::: Dataset extract :::
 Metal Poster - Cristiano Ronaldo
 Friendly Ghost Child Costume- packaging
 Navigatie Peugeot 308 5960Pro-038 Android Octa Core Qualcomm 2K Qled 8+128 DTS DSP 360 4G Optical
:::
» **Work to be completed**:
Only an exact retyping of the full data will do.

» **Exercise response**:
 Metal Poster - Cristiano Ronaldo
 Friendly Ghost Child Costume- packaging
 Navigatie Peugeot 308 5960Pro-038 Android Octa Core Qualcomm 2K Qled 8+128 DTS DSP 360 4G Optical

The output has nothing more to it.